DBS checks come in three tiers, each revealing a different depth of information. A common and dangerous mistake is accepting a Basic DBS check for a role that requires an Enhanced one.
| Level | What it discloses | Who can apply | Approx. cost |
|---|---|---|---|
| Basic | Unspent convictions and conditional cautions only | Anyone — direct self-application | £23 |
| Standard | Spent and unspent convictions, cautions, reprimands, warnings | Must apply via registered organisation | £23 |
| Enhanced | All Standard content + local police intelligence + Children's Barred List check | Must apply via registered organisation | £38 |
Source: Disclosure and Barring Service, gov.uk, 2024. Costs subject to change — verify current fees at gov.uk/dbs-check-applicant-guidance.
For the vast majority of private tutoring arrangements — any situation where a tutor works regularly and unsupervised with a child — an Enhanced DBS check including a barred list check is the appropriate level.

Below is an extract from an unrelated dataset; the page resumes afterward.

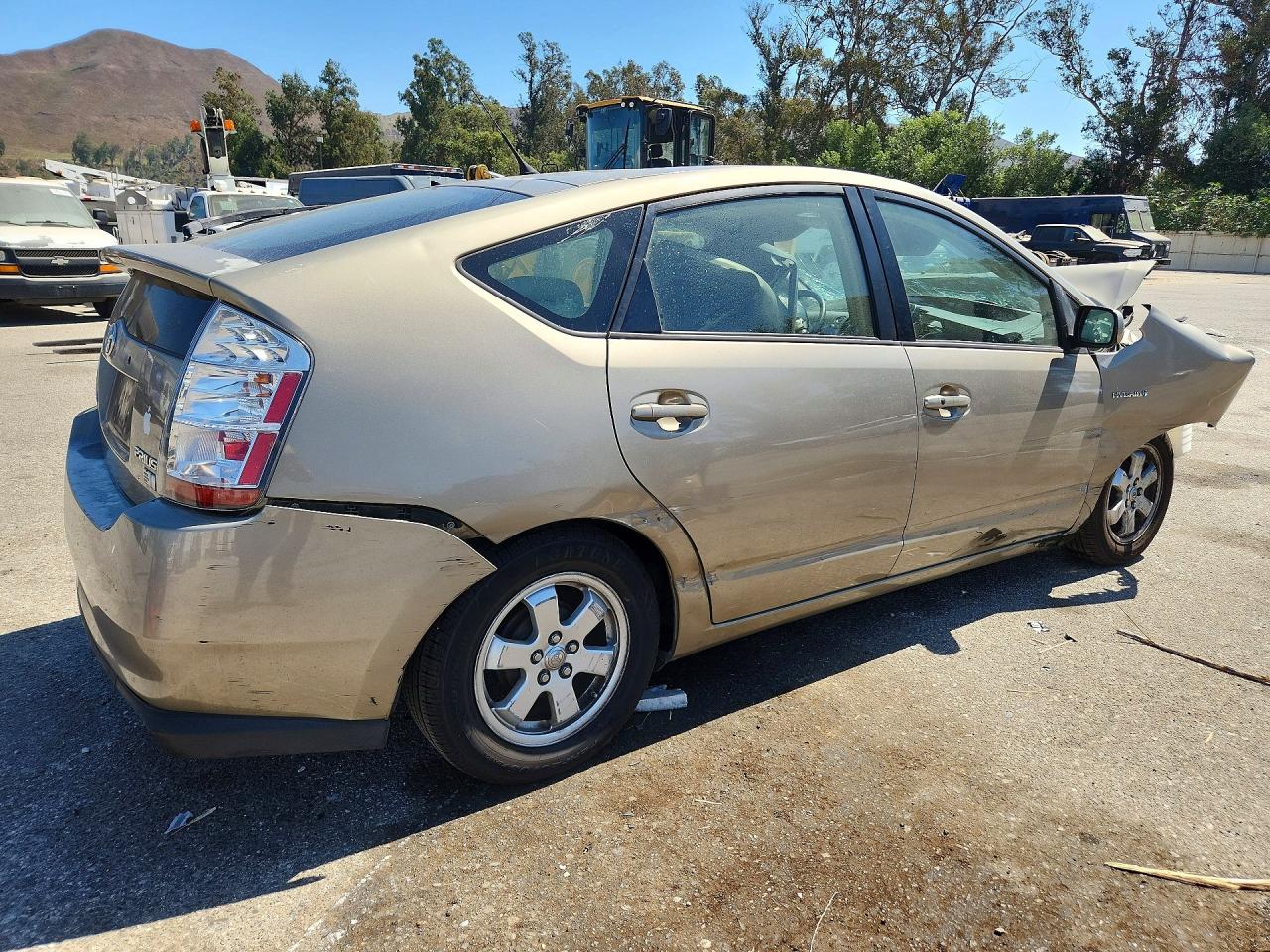 2006 Toyota Prius Base Желто-коричневый vin: JTDKB20U763136036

This is not optional if you are serious about safeguarding.
A Basic DBS check, which any individual can obtain directly, misses the very information that matters most: spent convictions, local intelligence held by police forces, and critically, whether the individual appears on the Children's Barred List.

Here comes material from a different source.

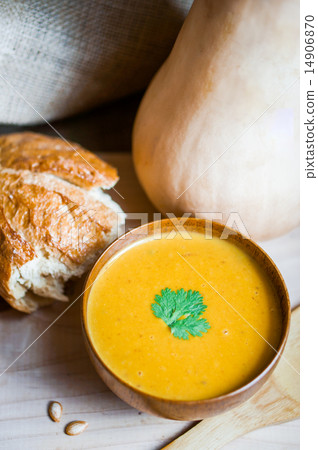 Butternut squash soup with homemade bread on wooden background 14906870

When Is an Enhanced DBS Check Legally Required?
The legal threshold is "regulated activity" — a concept defined under the Safeguarding Vulnerable Groups Act 2006, as amended by the Protection of Freedoms Act 2012. For private tutoring, regulated activity is typically engaged when all three of the following apply:
- The tutor works directly with children on a frequent basis — defined as once a week or more, or on four or more days within any 30-day period.

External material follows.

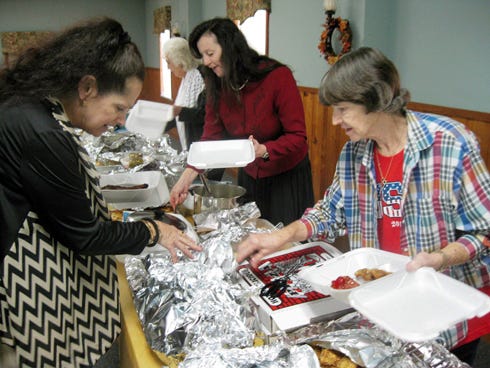 Holt Assembly of God Senior Fellowship Ministry members Linda Clayton, Brenda Russell and Maureen Sanford prepare meals for shut-ins before the church’s November luncheon.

- The sessions are unsupervised — no parent, carer, or other responsible adult is present throughout.
- The role involves teaching, instructing, or training children.
A standard weekly private tutor — visiting a family home on Tuesday evenings while parents are in another room — almost certainly meets all three criteria and falls within regulated activity. The Enhanced DBS check, including the Children's Barred List, is therefore the legally appropriate level.
A critical practical point for self-employed tutors: Independent tutors cannot apply for an Enhanced DBS check directly through the government portal. That route is restricted to organisations registered with the DBS. An independent tutor who holds an Enhanced certificate obtained it through a tutoring agency or a DBS-registered umbrella body. When a tutor presents an Enhanced certificate, ask for the name of the issuing organisation — this is a simple and legitimate request that any professional tutor should answer without hesitation.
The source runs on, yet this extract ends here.